Look below for the line containing "Safavieh Courtyard Beige", then write out that line and every line after it to the end, exactly, minus the pictures.

START Extracted entries

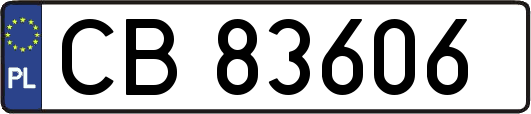 CB83606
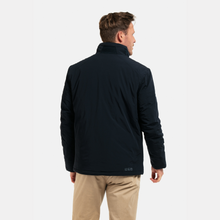 Load image into Gallery viewer, Rear of Jacket on model  
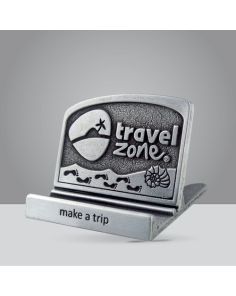 Cellular Phone Stand Classic Custom Shape (Min 150)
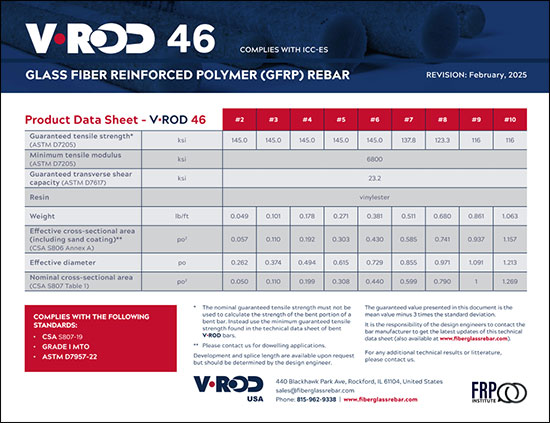 vrod 46 datasheet cover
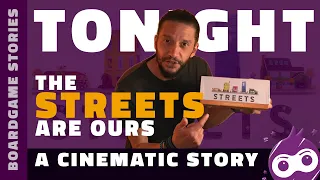 Streets - A Cinematic Story (Components Showcase)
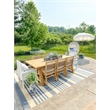 Safavieh Courtyard Beige Indoor Outdoor Rug - Runner 2'3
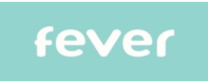 Fever Logotipo para productos 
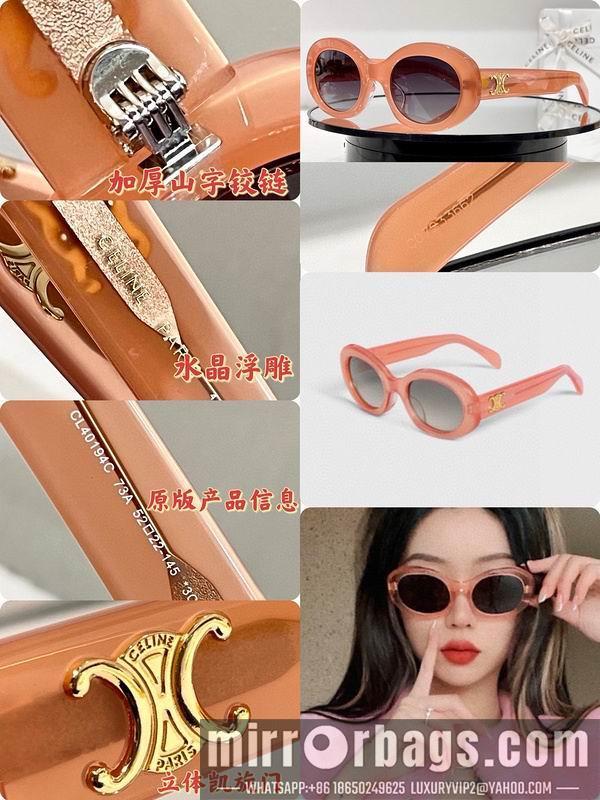 Replica Celine Glasses smx167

END Extracted entries

- **Exercise solution**:
 Safavieh Courtyard Beige Indoor Outdoor Rug - Runner 2'3
 Fever Logotipo para productos 
 Replica Celine Glasses smx167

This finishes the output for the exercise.